She explained that much of the Modern Art paintings featured in these museums featuring one color or printed onto the canvas by an artist are not supposed to be appreciated as a subject, but appreciated as a 'poke' at art. With this understanding I can appreciate it.
Much of the point of pieces such as the 'Green' canvas I make reference to could actually be making the point that we shouldn't care about the brush strokes of the artist, nor should we have the response 'oooo this is a Van Gogh painting' because when it all comes right down to it, it's just a damn painting. Why do we stick these people on a pedestal?
A little poke at how Art is perceived
I can respect this aspect of Modern Art as a poke at the rest of the art genres, but I still disagree on a level. I retain the point I made about the chair in my previous post. Though I can appreciate the design qualities of a chair as art, I don't quite think it belongs in a museum because it has no statement to make.
A fair majority of the art that inspires me is from many ages past. People invested their time and soul into these pieces without individual gratitude for the completion. They believed that the only gratitude that they received would be from the god they honored or the historical figure that now resides in the underworld (Achilles or Odysseus for example).
A major difference between art in this era and art from ages past is individuality. Egyptian art is all the same. Changing that art would get you killed. It was not the art of the artist, but the art of Egypt. Same with many other civilizations featuring religious art. Art was supposed to remind you of the religion or the person and the story surrounding that person.

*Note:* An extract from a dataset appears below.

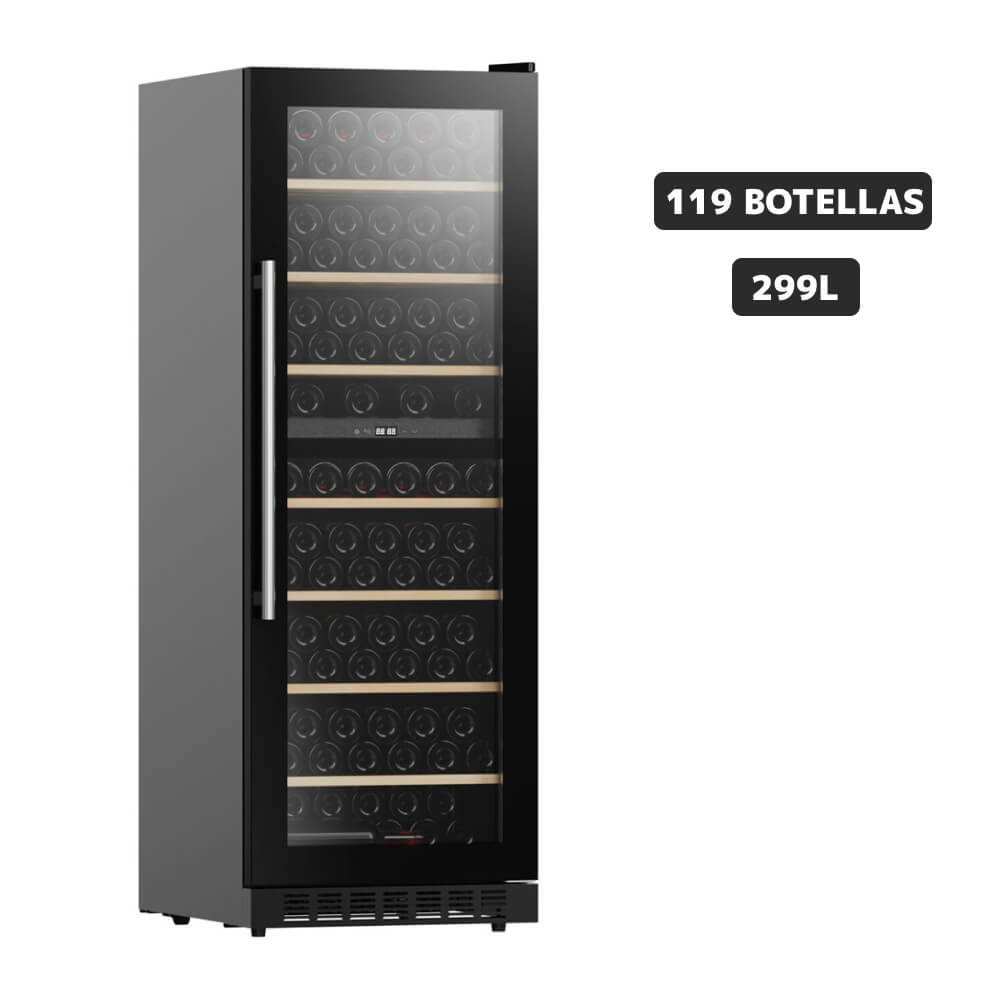 Vinera BLACKLINE 119 Botellas 299L JC-320WD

So in order to truly appreciate this art, you must know the stories.
For example: A stain glass window of Jesus or Mary is worthless to the person who doesn't know anything about the Bible.

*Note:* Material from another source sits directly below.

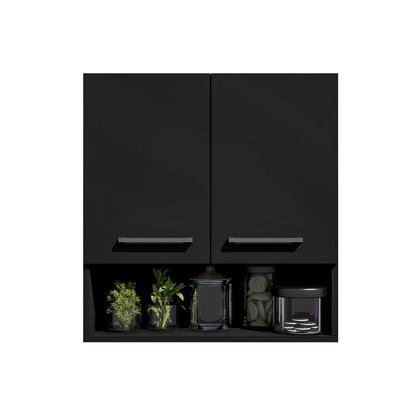 Imagem de Armário de Cozinha 2 Portas Aéreo com Nicho Modular Compacto Móveis Bonatto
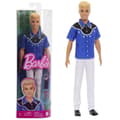 Miniatyrbillede 1 af 6: Barbie-Fashionistas-Blonde Ken-dukke i western-look HRH25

The misconception is often made that 'art' as we see it today did not exist until a couple hundred years ago. Art was not appreciated as an individual's creation until recently. To me, this is untrue.
The very title of this film is a play on calligraphy
in that the word Hero in Chinese calligraphy is both plural and singular.

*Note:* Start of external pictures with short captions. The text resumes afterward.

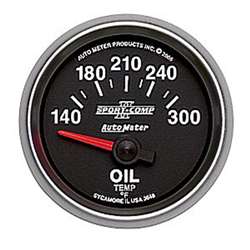 Auto Meter 3648 Sport-Comp II 140-300 °F Oil Temperature Gauge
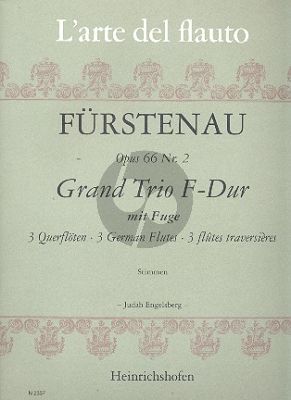 Furstenau Grand Trio F-dur mit Fugue Op. 66 No. 2 3 Flöten (Stimmen) (Judah Engelsberg)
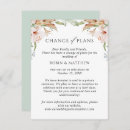 Search for rustic wedding announcement cards Change of plans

During the era of the Qin Emperor in China (about 220 BC, the same era as Alexander the Great) calligraphy was being appreciated as the individual's artistic accomplishment (The Qin Emperor saw himself as an artist and a philosopher as well as a ruler). People would look to calligraphy to understand the writer/artist in a number of aspects. Calligraphy was supposed to reveal a number of things about the artist's subconscious, including the artist's skill with a weapon. People would travel great distances to fetch a single word to be painted by a famous calligrapher.
Expanding upon that, China also recognized martial arts as the individual's artistic accomplishment. China was constantly streamlining the ability to fight along with the schools of thought behind fighting. We can't look at these original pieces of art today because they have disappeared with the bodies of those who created them, but we can see the art piece itself surviving with those being taught martial arts.
Creator of the weapon 'Black Dragon'
Many moves in martial arts and scrolls of calligraphy can be considered the oldest forms of individual art, yet none of them are appreciated in museums because this form of art has been mostly glossed over as far as appreciation is concerned.
I've noticed that History with a Capital H is also an issue here. History seems to ignore Asia when considering accomplishments. As a matter of fact, it tends to ignore everywhere but Europe. This is probably one of the reasons that no one quite understands China today. History rarely gives China credit for discovering the crossbow, chrome plating, or in this case, individual art.